Adapter/director Raul Garcia chose different graphic styles to animate five Edgar Allan Poe stories in the short but vibrant pastiche "Extraordinary Tales."
Some think animation is just for kids, Garcia says in "The Making of" Blu-ray feature, "but it's a technique, not a genre." He added that this project is "to put it a little beyond what we consider animation is about."
Garcia took the tales of Poe, the "father of the black novel," and illustrated them with styles to respect the spirit of the story.
"The Fall of the House of Usher" has a German Expressionism palette, on a huge, Gothic setting with cross-hatching used for the shadows. Garcia also associated various instruments from the score with each character: failing twin brother Roderick is a mournful cello, and the narrator (perfect Sir Christopher Lee) is a violin.
Comics artists and writer Alberto Breccia's flat, black-and-white style inspired "The Tell-Tale Heart," narrated by an old scratchy recording by Bela Lugosi (who died in 1956). The animation is appropriately startling, from the weight of the old man's body being dragged and dismembered, to the three bald, bespectacled policemen looking like identical "Matrix" Agent Smiths or the Strangers from "Dark City."

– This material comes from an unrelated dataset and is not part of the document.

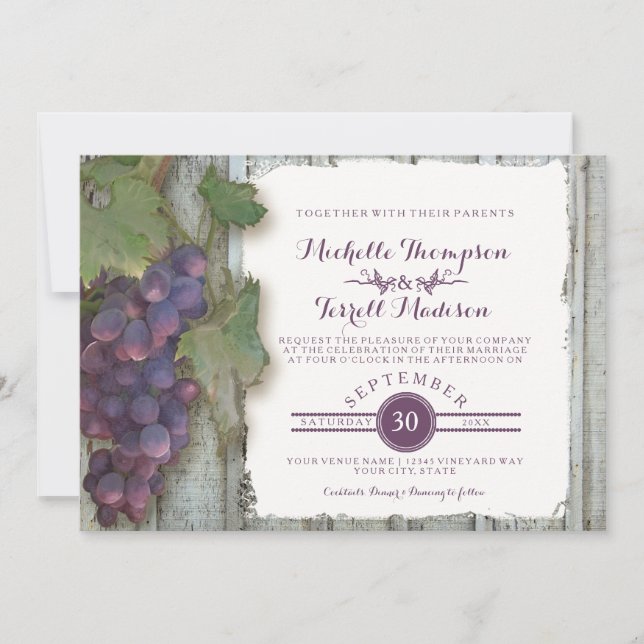 Vin Winery Vineyard Grape Theme Fall Wedding Inbjudningar (Framsida)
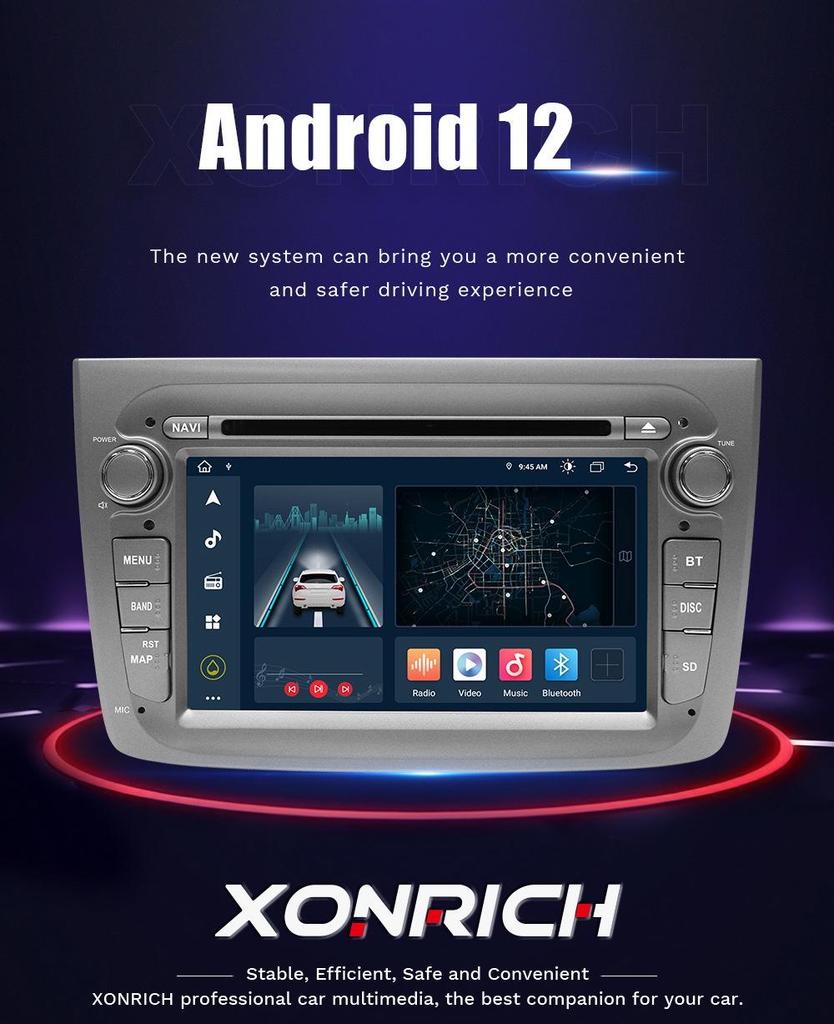7" Android 12 GPS Navigation DVD for Alfa Mito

A 1950s pulp comic book ethos, bad printing and rich color, dominates "The Facts in the Case of M. Valdemar," which the creative team admits was the hardest to achieve technically. Narrated by Julian Sands but sporting the thin-mustached face of Vincent Price, the mesmerist attempts to keep the dying from death to a score of Theremin-infused music.
Horror auteur Guillermo del Toro narrates the more realistic "The Pit and the Pendulum," following the French army in Toledo as they imprison and interrogate a hallucinating man.
Filmmaker Roger Corman voices the Prince in the watercolor world of "The Masque of the Red Death," as palatial debauchery ends with Poe's infamous body count.
The quintet is framed by 3D paper animated segments of Death (voiced by Cornelia Funke) conversing with a raven representing Poe (voiced by Stephen Hughes).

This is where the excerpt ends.